I nodded. “More than you’d believe.”
“Is it getting better?”
I shrugged. “Yes and no. I have more control, but things are never going to be completely in balance.” I remembered what my mom had told me about feeding my Darkness when it asked to be fed. That still worried me, since I didn’t know just how hungry that side of me might end up getting.
“That sucks.”
“Yeah… I suppose it does.”
“The Spiderman paradox.”
I frowned at him. “Huh?”
“With great power comes great responsibility.”
“Ah yes, I forgot you were a massive comic book nerd.”
He grinned. “They have some good lessons to live by. Lex Luthor, for example: ‘Some people can read War and Peace and come away thinking it’s a simple adventure story; others can read the ingredients on a chewing gum wrapper and unlock the secrets of the universe.’ Comics are pure literature, but snobs like you just think they’re dumb stories with pictures.”
“What does that even mean? You’re not going to unlock anything with aspartame or whatever.”
“Maybe that’s because you’re not one of the chosen ones who can read the secrets of the universe.” Finch chuckled to himself. “Your mind isn’t open enough.”
“My mind is plenty open, thank you very much.”

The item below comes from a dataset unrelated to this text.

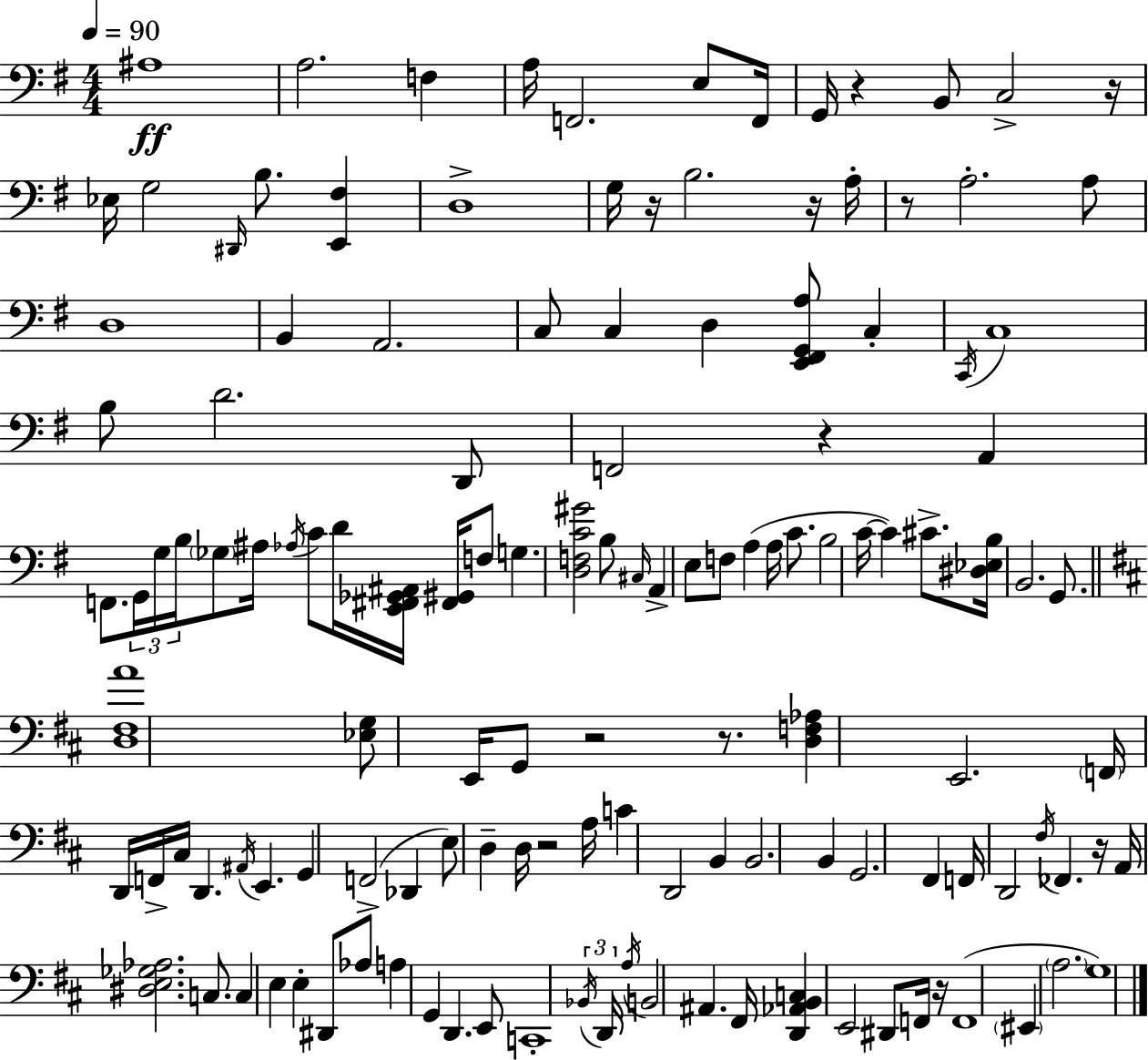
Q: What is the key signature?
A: E minor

A rush of air made us both turn toward the domed building. Wade stumbled out of a portal, blinking in the San Francisco sunlight. Fortunately, there were no ordinary folks around to see a great big hole tear open in space and time. It snapped shut behind him as he spotted us and walked over. Unlike us, he looked fresh as a daisy, his hair clean, his clothes neat and ironed. Meanwhile, Finch and I stank of eight hours in a car and the fast food we’d wolfed down on the way.
I closed the distance and put my arms around Wade in a way I hadn’t been able to do back at Shiloh’s. He smiled and buried his face in my neck, gripping me tight. This was the reunion I’d craved. I drank in the spiced, dark scent of his cologne and held him closer, as if he might suddenly disappear again. As he pulled away, he leaned down and kissed me tenderly on the lips, my mouth responding in kind, regardless of the fact that Finch was watching us. I didn’t care. I needed to kiss Wade before I went crazy.

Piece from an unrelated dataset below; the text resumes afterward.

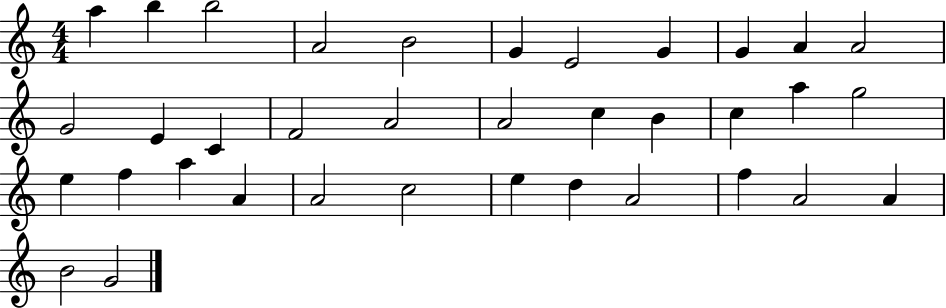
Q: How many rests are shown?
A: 0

Finch cleared his throat. “Deadlines, guys. Deadlines.”
I laughed and broke away from Wade. “Seriously, you can’t give us a minute?”
“You’ve had it.”
Wade put his hand in mine as we walked back over to Finch, who still stood at the water’s edge. “So, you want to tell us why you chose this place, Finch?” he asked. “I’m not too happy about you making Harley drive eight hours up the coast for this, even if we do have to see Remington.”
“What, you’d rather we’d swanned into the SDC, used the mirrors, and gotten ourselves caught?” Finch shot back. He had a point. Either way, we would’ve had to make this drive. I wasn’t exactly looking forward to the return journey. Finch’s taste in music was awful, and if I had to listen to one more Blake Shelton song, I was going to rip my hair out. He had no concept of driver comfort.
“I guess not.”
Finch smirked and gestured to the lake. “This is how we get into the San Francisco Coven without being seen.”
“This is a lake, Finch.” Wade didn’t sound convinced.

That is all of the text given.